Show that the cube of any integer is congruent to $0$ or $\pm 1 \pmod 7 $

Question

For any integer, $n$, show that $n^3 \equiv 0$ or $\pm 1(\mod 7)$. Use theory of congruences

So I thought about a couple of ways to go with this. I thought about showing $7|n^3$ or $7|n^3\pm1$ to be true by letting $n=7k, 7k\pm1, 7k\pm2, 7k\pm3$ and proving it that way but that seemed like a long route.

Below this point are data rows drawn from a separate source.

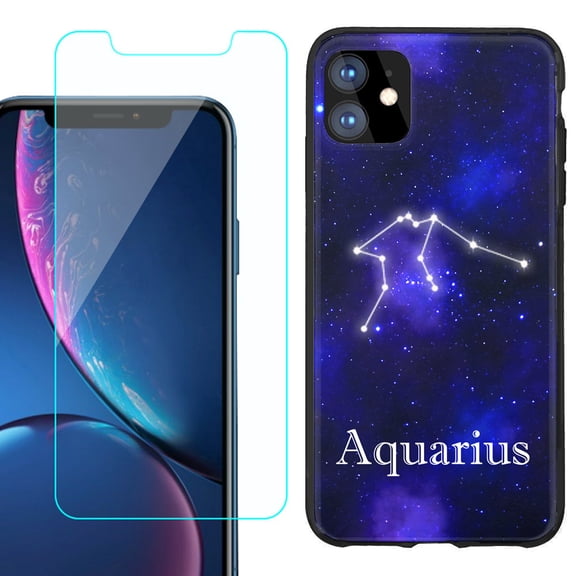 For Apple iPhone 11 Phone Case , Slim-Fit TPU Protective Case (Black), with Tempered Glass Screen Protector, by OneToughShield ® - Zodiac / Aquarius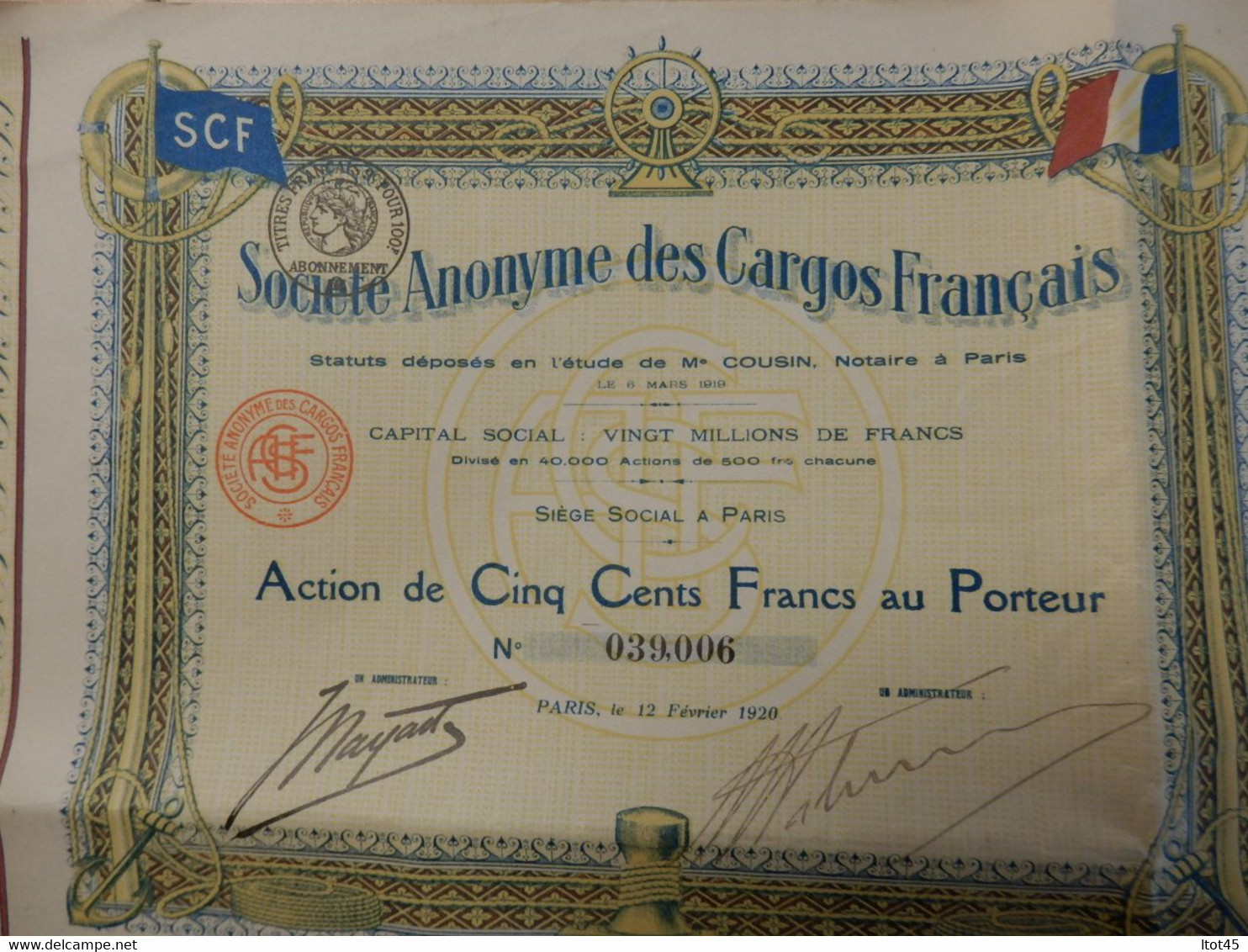ACTION DE 500 FRANCS SOCIETE ANONYME DES CARGOS FRANCAIS 1920 - Navigation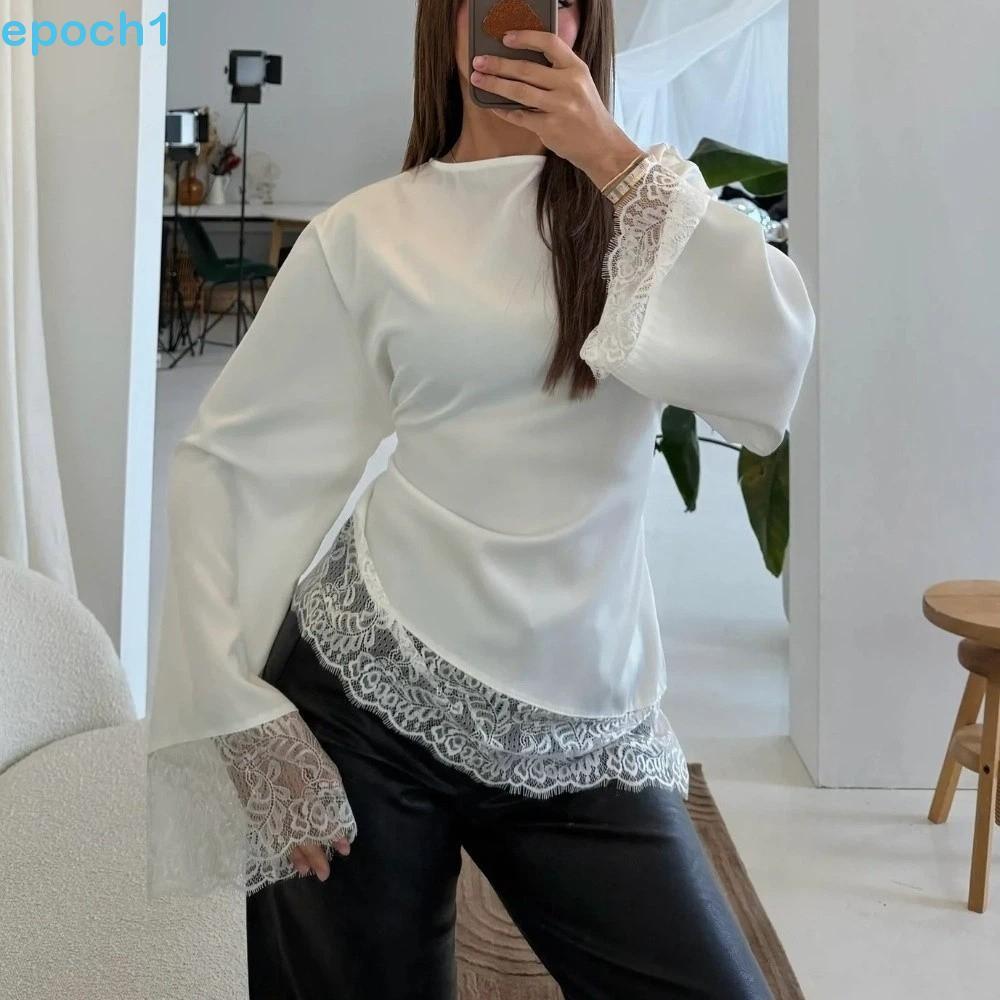 EPOCH1 Camisa Longa De Retalhos De Renda , Blusas Femininas Com Cadarço Na Cintura E Gola Redonda , Blusa Fina De Cetim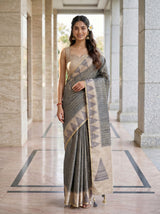 MIMOSA Grey Saree Saree — pose 10 styling detail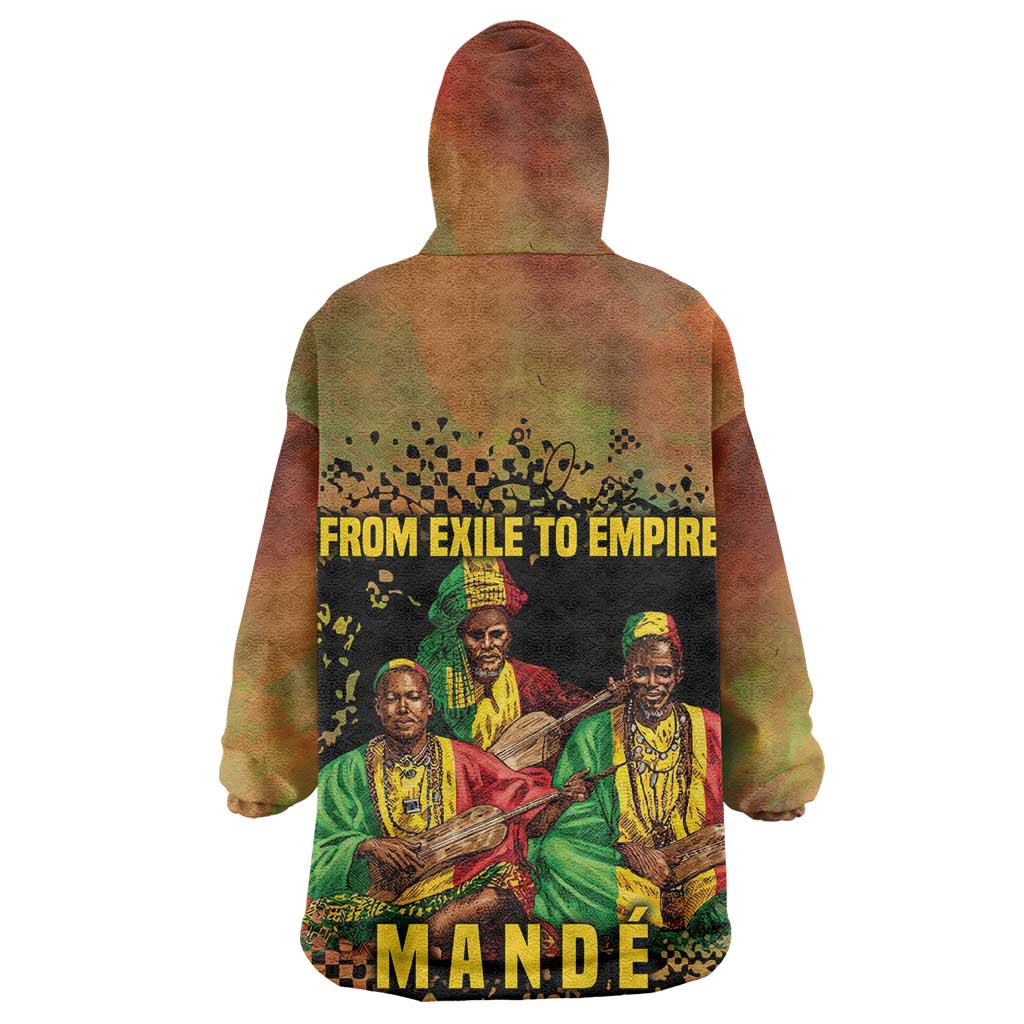 Sundiata Keita Wearable Blanket Hoodie Griot Storytelling Scene, Epic of Sundiata Text and Heritage-Inspired Earth Tone - Wonder Print Shop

Also, the problem asks to use theory of congruences and I'm not sure if this approach really uses that.

Is there a way to use the fact that $a^n \equiv b^n (\mod m)$? I tried following this logic, but I got stuck trying to imply that $n \equiv 0$ or $\pm 1(\mod 7)$ by removing the cube root.

Any help is appreciated!

Answer 1

Consider the following cases:

• $n\equiv0\pmod7 \implies n^3\equiv0^3\equiv 0\equiv 0\pmod7$
• $n\equiv1\pmod7 \implies n^3\equiv1^3\equiv 1\equiv+1\pmod7$
• $n\equiv2\pmod7 \implies n^3\equiv2^3\equiv 8\equiv+1\pmod7$
• $n\equiv3\pmod7 \implies n^3\equiv3^3\equiv 27\equiv-1\pmod7$
• $n\equiv4\pmod7 \implies n^3\equiv4^3\equiv 64\equiv+1\pmod7$
• $n\equiv5\pmod7 \implies n^3\equiv5^3\equiv125\equiv-1\pmod7$
• $n\equiv6\pmod7 \implies n^3\equiv6^3\equiv216\equiv-1\pmod7$

Answer 2

Fermat's theorem tells us that $n^7 \equiv n \bmod 7$ and so $7$ divides $n^7-n=n(n^3-1)(n^3+1)$.

Since $7$ is prime, $7$ must divide one of the factors:

• If $7$ divides $n$, then $7$ divides $n^3$, and so $n^3 \equiv 0 \bmod 7$.
• If $7$ divides $n^3- 1$, then $n^3 \equiv 1 \bmod 7$.
• If $7$ divides $n^3+ 1$, then $n^3 \equiv -1 \bmod 7$.